> [PROBLEM]
Transcribe exactly everything in the data below from the line containing "Arıtılmış buğday taneleri" down to the line containing "南韩首尔市东杰克桥和汉河铜雀场景旅行地标城市交通车站景观背景图片", both lines included and nothing further.

> [PROVIDED ENTRIES]
++++++

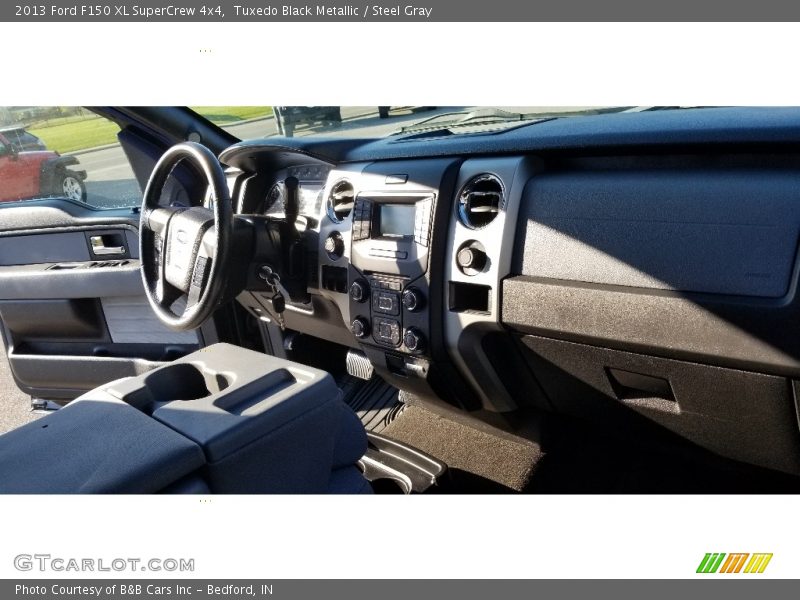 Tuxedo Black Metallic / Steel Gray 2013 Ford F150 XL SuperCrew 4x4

++++++

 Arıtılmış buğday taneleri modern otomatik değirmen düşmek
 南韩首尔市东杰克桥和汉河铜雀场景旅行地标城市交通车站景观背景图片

++++++

> [OUTPUT OF THE TASK]
 Arıtılmış buğday taneleri modern otomatik değirmen düşmek
 南韩首尔市东杰克桥和汉河铜雀场景旅行地标城市交通车站景观背景图片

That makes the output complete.